What to Say to People That Ask You to Compromise in the Discussion

  • 3 minute read
  • • by Sharon Koifman
  • • August 5, 2022

Punchline:

Don’t compromise on the answer. Just ask to offer your interpretation.

“I’m well-versed in the topic and have years of experience, so I’m not a person that would be easily influenced, but I’m here to offer you a Zionists interpretation if they want to hear.”

If it’s not well received, they are just shit disturbers, and you shouldn’t waste your time.

Long Version:

In both a Facebook debate and in real life, I have gotten into several situations where the opponents put an ultimatum to proceed with the discussion.

They would say something like, “I don’t want to continue chatting with you unless you admit that Israel had done something wrong,”

Some of those guys do it in bad faith and don’t want to have a conversation. But some genuinely believe this is a two-sided conversation scenario where both sides are wrong, and the entrance to the discussion is both sides need to plead some guilt.

“I confess! I am guilty of the crime of being a dwarf!”

I don’t know which one I prefer to deal with because there is something very condescending for both the Arab and the Jews where a random white guy simply declares all of us as childish bad people, and we need to redeem ourselves before talking shit about ourselves. That’s colonialism. Anyway, I digress.

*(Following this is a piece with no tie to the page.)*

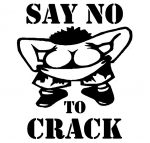Say No To Crack funny car sticker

Because more important is not to fall into the trap of sacrificing Israel as an entrance fee to have a conversation with someone, the common denominator is that Palestinian are suffering. If that’s not good enough, here’s what you should say.

I start by mentioning that you know the topic well (hopefully, anyone reading this site should have more knowledge than most people.)

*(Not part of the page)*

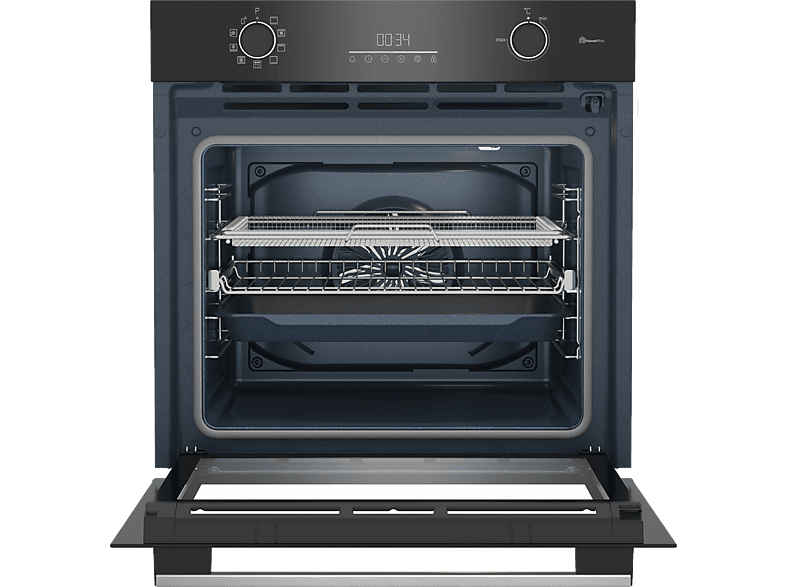 Horno - Beko BBIMA13302BMPEC, Multifunción, Pirolítico, 72 l, 59.4 cm, AeroPerfect™, Función AirFry, Negro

“Look, I’m already very well researched on the topic.”

I also tend to drop some credentials:

“I’m also the president of Progressive Zionists” or “I’ve been an activist for a long time, and it will be tough to influence at this moment. I do admit it’s not much of a debate if that’s what you are looking for. What I can do is simply offer you the side of the Progressive Zionists (or simply a Zionists).”

I find that I get a massive hit when I’m being honest that I’m not a person that would be easily influenced because I’m well-versed in the topic and have years of experience, and I’m here to offer an interpretation if they want.

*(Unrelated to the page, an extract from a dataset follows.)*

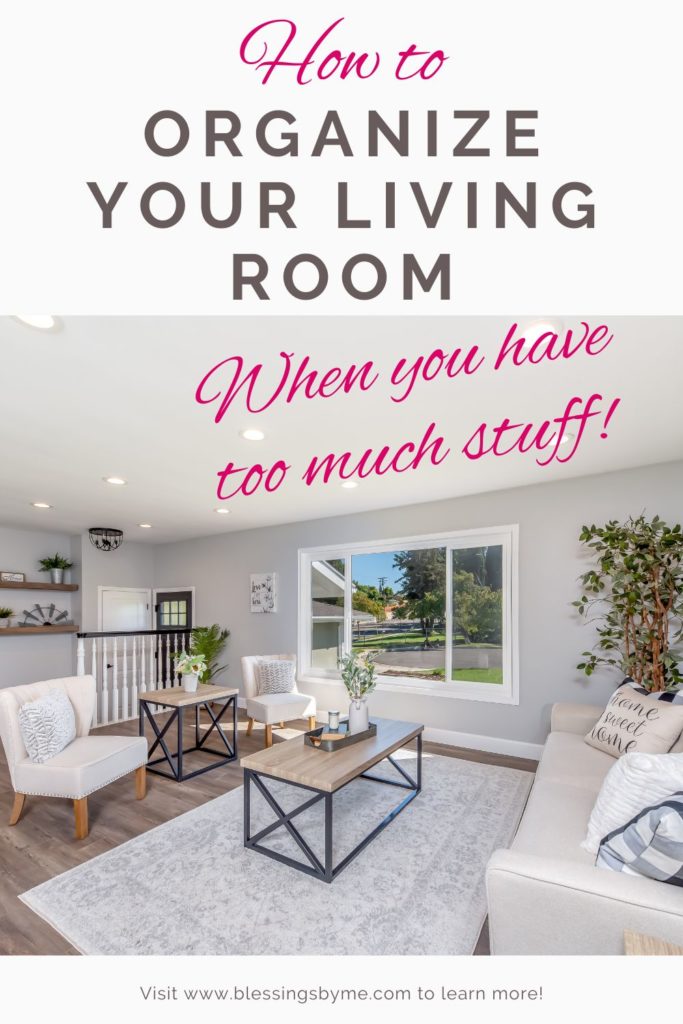 How to organize your living room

As a general rule, asking if they have some time to listen to an interpretation brings their guard down.

I recently heard a sales coach discuss a unique strategy in “cold calling”. For whoever does it know, “cold calling” is the type of sale where you get a list of strangers and you call them, and you have a few minutes to get them interested in discussing your product a bit more.

The annoying telemarketers that call you during supper time are, unfortunately, “cold callers,” but there are also well-refinebusiness-to-businessss salesmen who call during office hours and heavily invest and prepare before they are about to call.

So back to the advice. She suggested that instead of calling and acting like something you are not, and you know that they know that you know that they know that you are a telemarketer, how about saying:

”Hi sir, I’m cold calling you, and if I can have 5 minutes of your time, I feel this would be a very valuable use of your time.”

While many of us would still hang up the phone, which would be an improvement over wanting to shove the phone does the caller’s throat, but for many people, especially in business, it does bring listeners’ guards down enough to give a few minutes of listening.

This is how it feels when you tell someone, “Look, I’m well-versed on the topic. Would you be interested to hear my interpretation?”. At least for me, it has been a true hit for me.